Any insights in this group about the "Broken Window Theory" to reduce crime and improve neighborhoods?
 
I know the program had its critics in NYC during the Giuliani years, but at that time I had an apartrment share there, and the improvements in quality of life issues were quite radical and visible.
 

Excerpt from http://en.wikipedia.org/wiki/Rudy_Giuliani

On Crime control

In his first term as mayor, Giuliani, in conjunction with New York City Police Department Commissioner Bill Bratton, adopted an aggressive enforcement-deterrent strategy based on James Q. Wilson's Broken Windows theory. This involved crackdowns on relatively minor offenses such as jaywalking, turnstile jumping, and aggressive "squeegeemen", on the principle that this would send a message that order would be maintained, and that the city would be "cleaned up."

Interview with Giuliani excerpt from http://www.achievement.org/autodoc/page/giu0int-4  

In fighting crime, you also started small. Maybe you could talk a little bit about the "Broken Windows" theory. Why was it so important to clean up the streets and get rid of graffiti?
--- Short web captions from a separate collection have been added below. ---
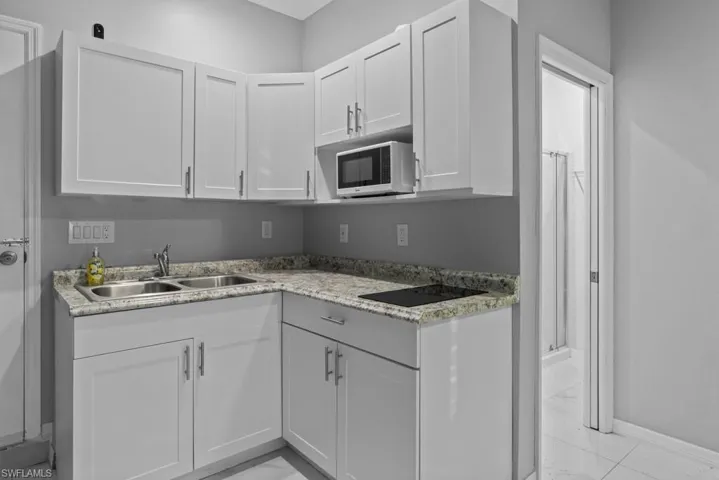 Kitchen with light stone counters, black electric cooktop, white cabinetry, and sink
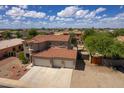 Two-story home with a three-car garage and tile roof at 161 N Silverwood Dr, Casa Grande, AZ 85122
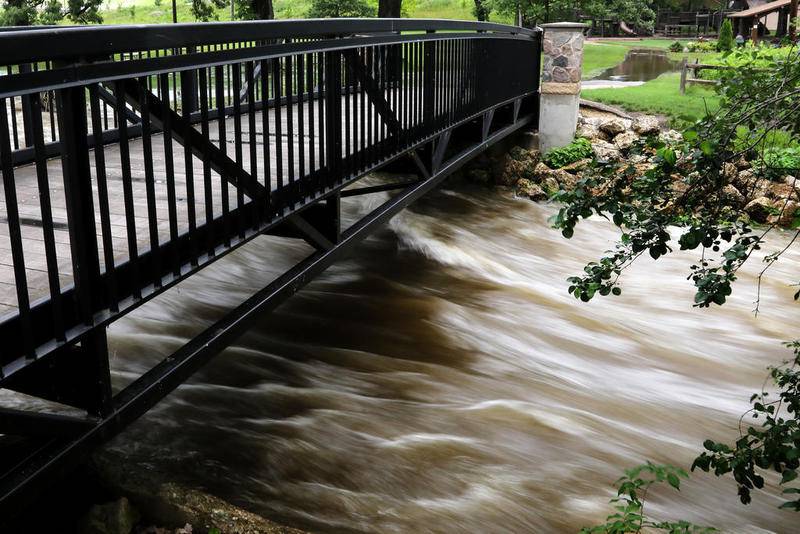 Water rushes under a walking bridge Wednesday, June 27, 2018, at Towne Park in Algonquin.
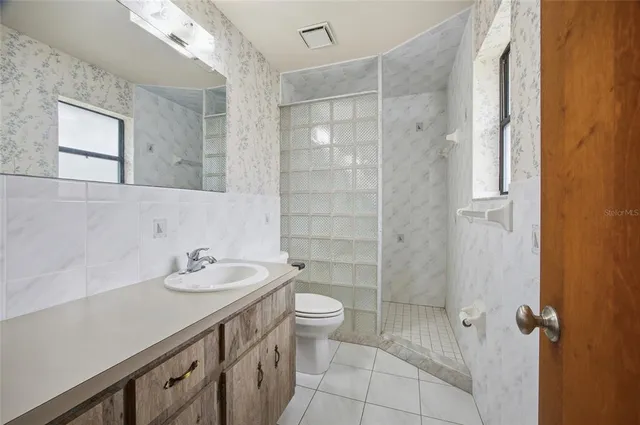 a bathroom with a sink a toilet and shower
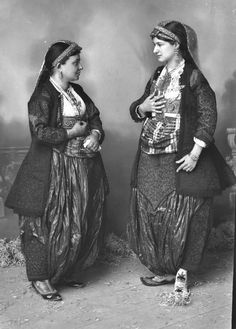 two women standing next to each other in front of a wall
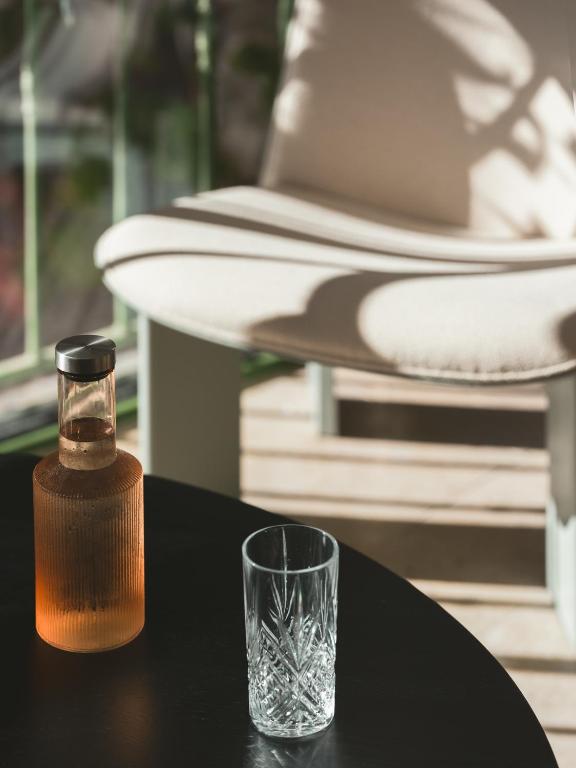 a glass sitting on a table next to a bottle at Hôtel Liautaud Rooftop Cassis in Cassis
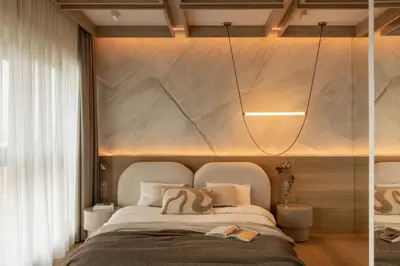 a bedroom with a bed with a large headboard at SOFTly Landmark View City Center FREE PARKING in Kraków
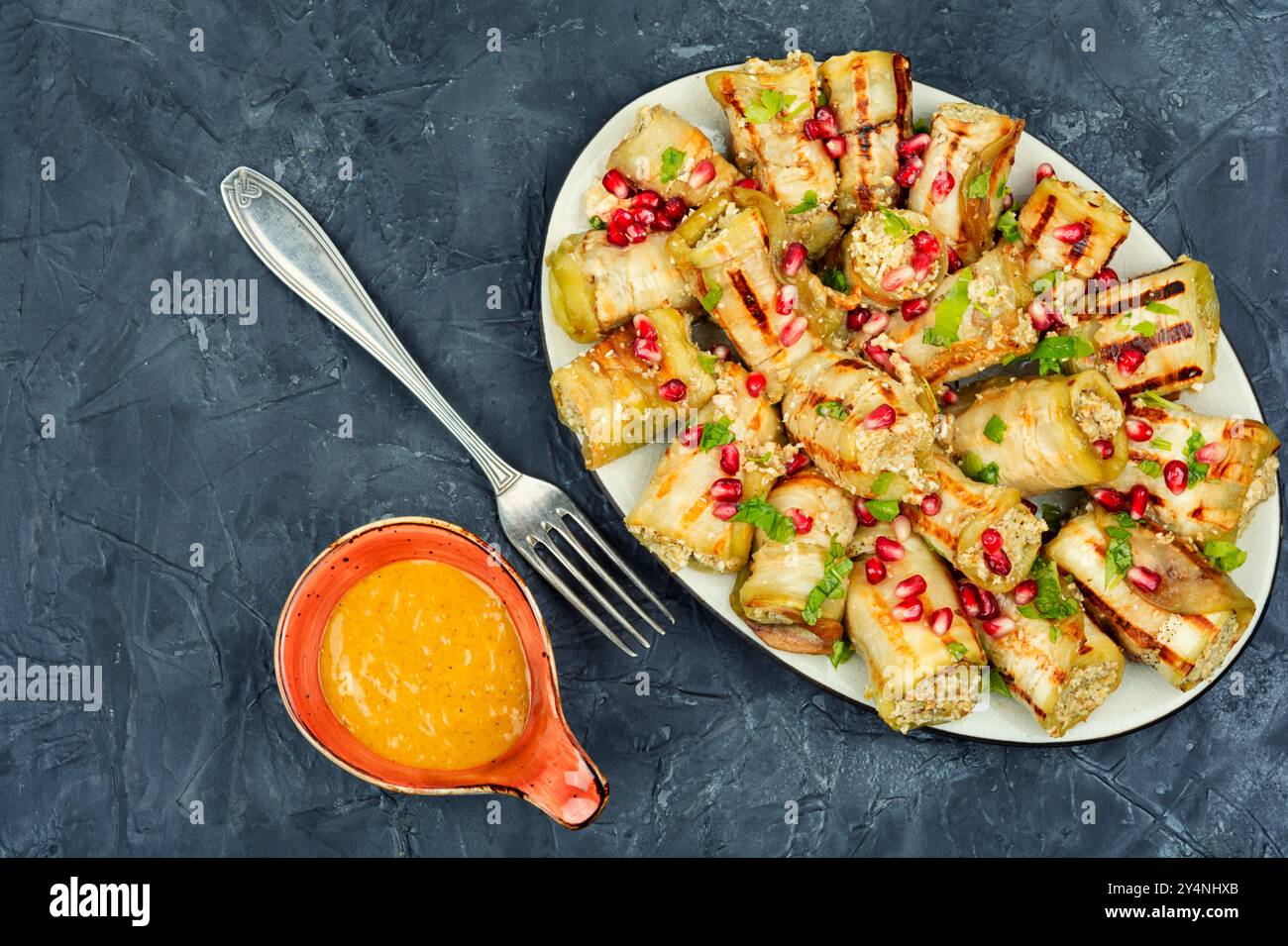 Rouleaux d'aubergines frites avec noix, garniture à l'ail et décorés de grenade. Badrijani Banque D'Images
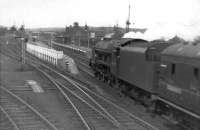 A <I>Royal Scot</I> drifts into Beattock station with a down Anglo - Scottish express in the early 1960s. The train will take on banking assistance here before tackling the climb north. <br><br>[David Stewart //]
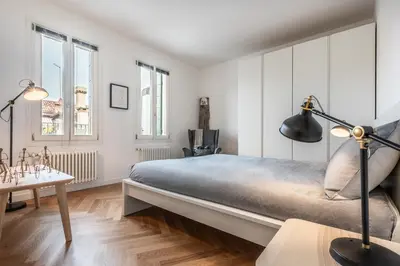 Letto o letti in una camera di La Bricola Terrace Apartment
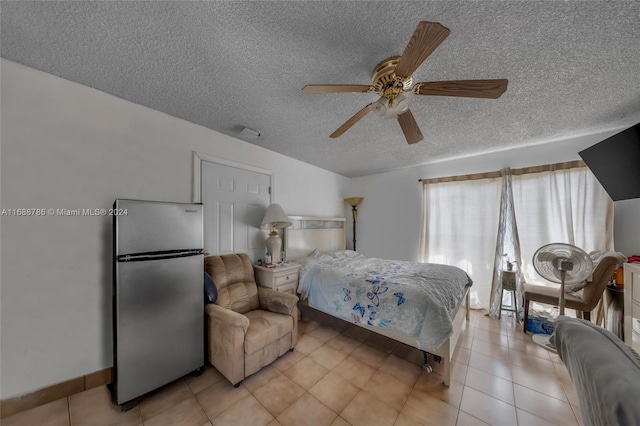 bedroom featuring a textured ceiling, ceiling fan, and stainless steel fridge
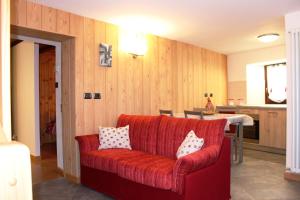 uma sala de estar com um sofá vermelho com almofadas em Maison Leveque em Brusson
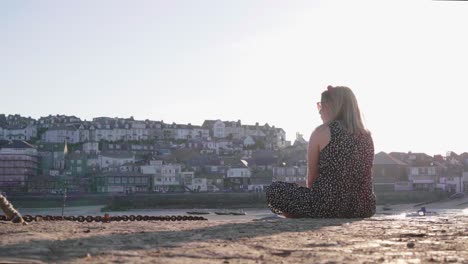 Back-View-Of-A-Blonde-Girl-Sitting-On-The-Quay-Looking-In-The-Distance-With-St-Ives-In-The-Background-On-A-Sunset-in-Cornwall,-England,-UK
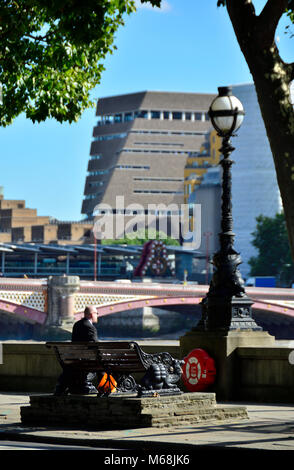 Londres, Angleterre, Royaume-Uni. Tate Modern's new Pyramid Tower (2016) vu de l'autre côté de la Tamise. Homme assis sur un banc sur le quai Banque D'Images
Well, I very much subscribe to the "Broken Windows" theory, a theory that was developed by Professors Wilson and Kelling, 25 years ago maybe. The idea of it is that you had to pay attention to small things, otherwise they would get out of control and become much worse. And that, in fact, in a lot of our approach to crime, quality of life, social programs, we were allowing small things to get worse rather than dealing with them at the earliest possible stage. That approach had been tried in other cities, but all small cities, and there was a big debate about whether it could work in a city as large as New York. One of the ways that New York used to resist any kind of change was to say, "It can't work here," because they wanted to keep the status quo. There is such a desire for people to do that, to keep the status quo. And I thought, "Well, there's no reason why it can't work in New York City. We have bigger resources. We may have bigger problems, we have bigger resources, the same theory should work." So we started paying attention to the things that were being ignored. Aggressive panhandling, the squeegee operators that would come up to your car and wash the window of your car whether you wanted it or not -- and sometimes smashed people's cars or tires or windows -- the street-level drug-dealing; the prostitution; the graffiti, all these things that were deteriorating the city. So we said, "We're going to pay attention to that," and it worked. It worked because we not only got a big reduction in that, and an improvement in the quality of life, but massive reductions in homicide, and New York City turned from the crime capital of America to the safest large city in the country for five, six years in a row.